Remuneration Matters

Past version: Effective from 01 Jan 2005 to 01 May 2012

PROCEDURES FOR DEVELOPING REMUNERATION POLICIES

Principle:

7 There should be a formal and transparent procedure for developing policy on executive remuneration and for fixing the remuneration packages of individual directors. No director should be involved in deciding his own remuneration.

Guidelines:

7.1 The Board should set up a Remuneration Committee ("RC") comprising entirely of non-executive directors, the majority of whom, including the Chairman, should be independent. This is to minimise the risk of any potential conflict of interest.
7.2 The RC will recommend to the Board a framework of remuneration, and the specific remuneration packages for each director and the CEO (or executive of equivalent rank) if the CEO is not a director. The RC's recommendations should be submitted for endorsement by the entire Board. The RC should cover all aspects of remuneration, including but not limited to director's fees, salaries, allowances, bonuses, options, and benefits in kind. The RC will also review the remuneration of senior management.

Commentaries:

7.3 If necessary, the RC should seek expert advice inside and/or outside the company on remuneration of all directors.

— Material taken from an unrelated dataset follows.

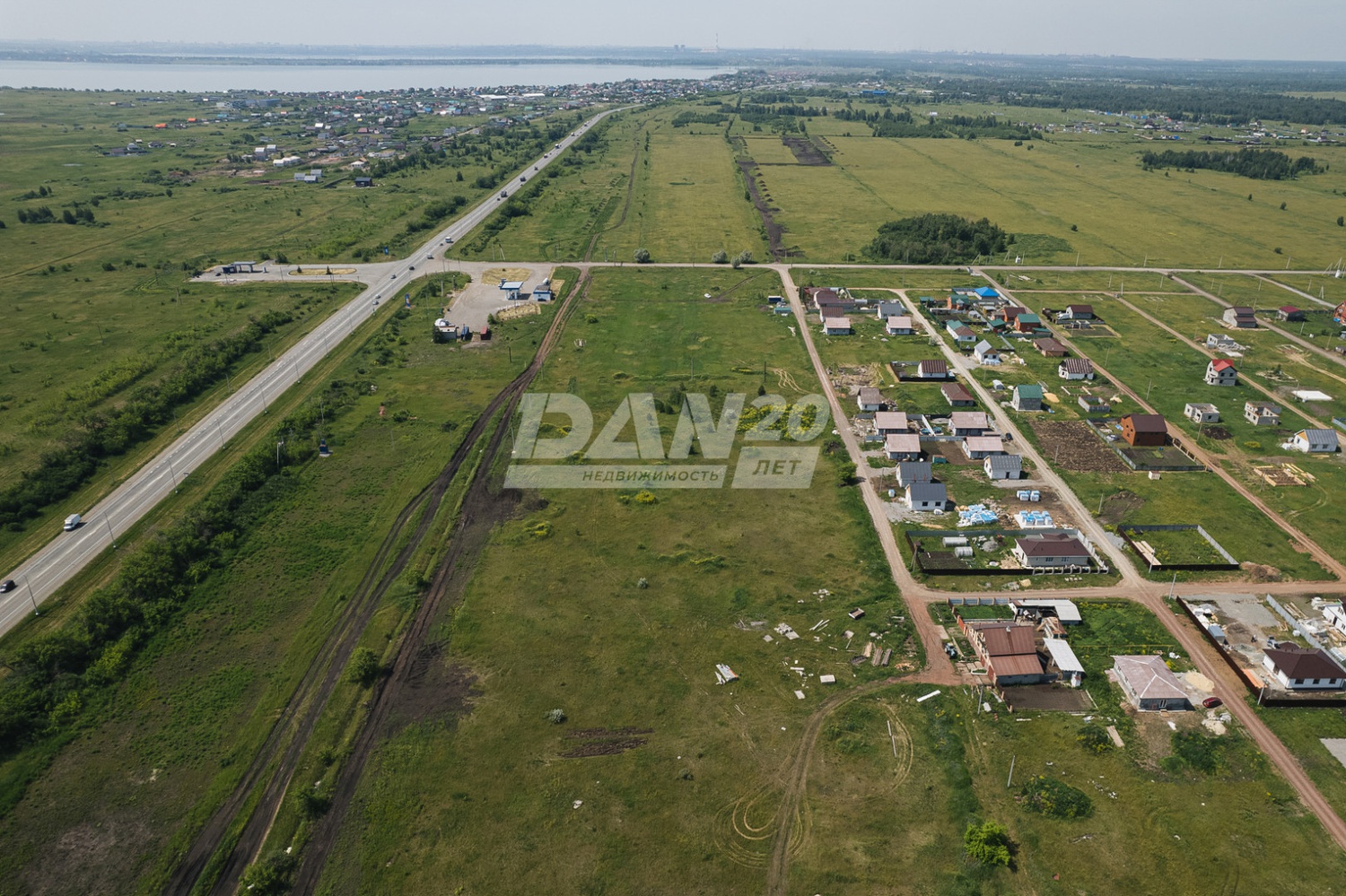 Земельный участок 11000 м²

LEVEL AND MIX OF REMUNERATION

Principle:

8 The level of remuneration should be appropriate to attract, retain and motivate the directors needed to run the company successfully but companies should avoid paying more than is necessary for this purpose. A significant proportion of executive directors' remuneration should be structured so as to link rewards to corporate and individual performance.

Guidelines:

8.1 The performance-related elements of remuneration should be designed to align interests of executive directors with those of shareholders and link rewards to corporate and individual performance. There should be appropriate and meaningful measures for the purpose of assessing executive directors' performance.
8.2 The remuneration of non-executive directors should be appropriate to the level of contribution, taking into account factors such as effort and time spent, and responsibilities of the directors. Non-executive directors should not be over-compensated to the extent that their independence may be compromised.
8.3 In the case of service contracts, there should be a fixed appointment period for all executive directors. In any case, service contracts should not be excessively long or with onerous removal clauses. The RC should review what compensation commitments the directors' contracts of service, if any, would entail in the event of early termination. The RC should aim to be fair and avoid rewarding poor performance.
8.4 Long-term incentive schemes are generally encouraged. The RC should review whether directors should be eligible for benefits under long-term incentive schemes. The costs and benefits of long-term incentive schemes should be carefully evaluated. In normal circumstances, offers of shares or granting of options or other forms of deferred remuneration should vest over a period of time. The use of vesting schedules, whereby only a portion of the benefits can be exercised each year, is also strongly encouraged. Directors should be encouraged to hold their shares beyond the vesting period, subject to the need to finance any costs of acquisition and associated tax liability.

Commentaries:

8.5 In setting remuneration packages, the company should be aware of pay and employment conditions within the industry and in comparable companies. But they should use such comparison with caution, in view of the risk of an upward ratchet of remuneration levels with no corresponding improvements in performance.
8.6 Notice periods in service contracts should be set at a period of six months or less. If it is necessary to offer longer notice periods to new directors recruited from outside, such periods should reduce to six months or less after the initial notice period.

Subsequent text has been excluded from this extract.